Perhaps more significant is that this rollout date will include Microsoft‘s move into the ARM processor space, which will enable Windows 8 to run on the same architecture many smartphones and tablets are running, instead of only on x86 processors found in current desktops and laptops. The debut of Windows 8 will apparently launch on 5 ARM based devices (probably tablets), but a lot more x86 based devices. Microsoft is setting very strict rules for the ARM based products, similiar to what they are doing in the Windows Phone 7 space, while probably enforcing guidelines in terms of size and interaction. Expect very similiar layouts and designs from the ARM based device manufacturers.

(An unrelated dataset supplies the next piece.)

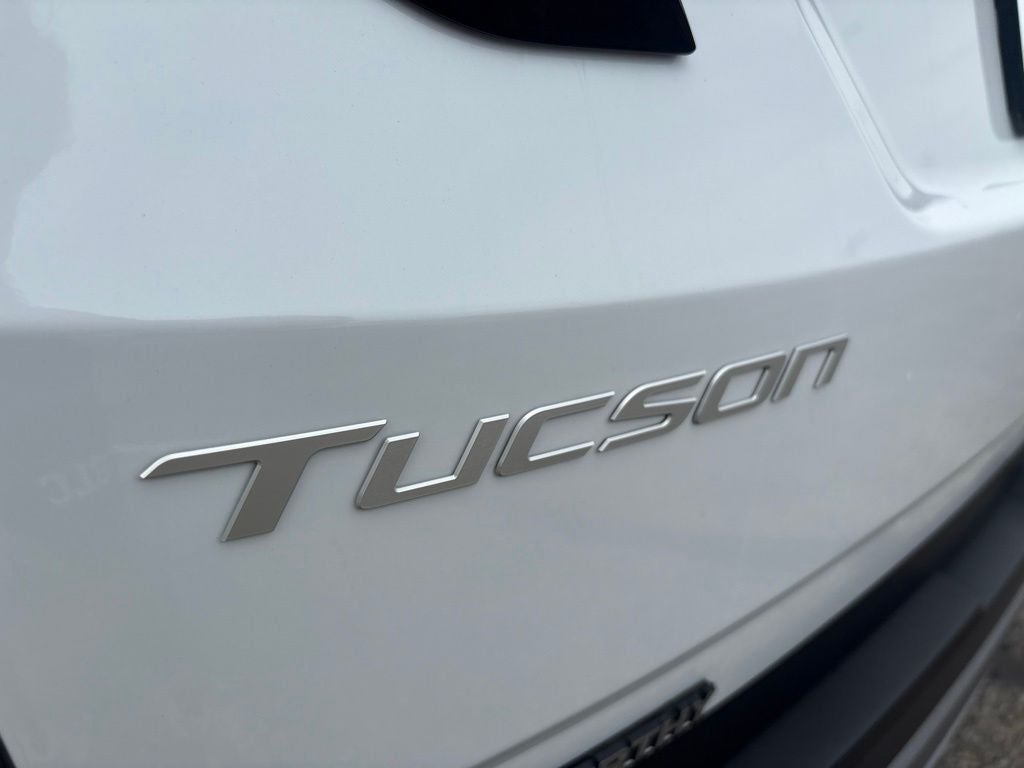 2026 Hyundai TUCSON SE FWD
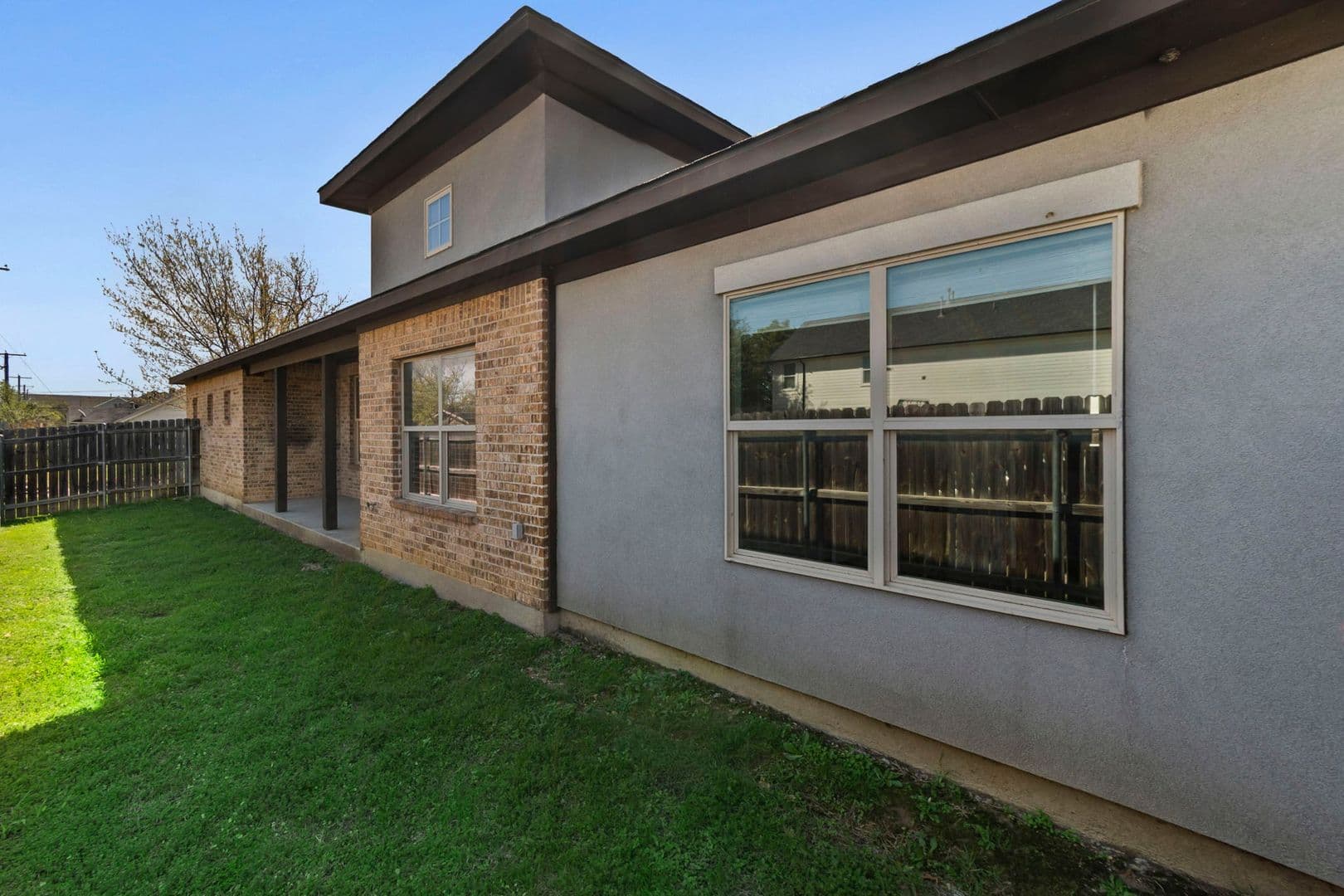 Fort Worth House: 2800 Gordon Ave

This earlier shipping date will also mean that retailers can all get hold of Windows 8 machines for the all important Christmas shopping season. Microsoft is facing increasing competition from Post-PC devices like the iPad and Android devices, and it needs to get into the tablet market as quickly as possible. The sad part to this statement is that Microsoft has always been in the tablet market, but they have always just shipped standard Windows machines with touch based UI layers and Intel based hardware, without much success. The machines proved to be too heavy, slow and had poor battery life, which is the big reason for Microsoft’s adoption of ARM based devices.
While Windows 8 will run on ARM based tablets, it will not be the full Windows 8 interface, instead only the Metro based design which is currently going to replace the traditional Start Menu (yes, even the Start Button is gone). Whether this strategy will work for Microsoft, only time will tell.
Will you get the Windows 8 based tablet, or would you stick to iPad or Android?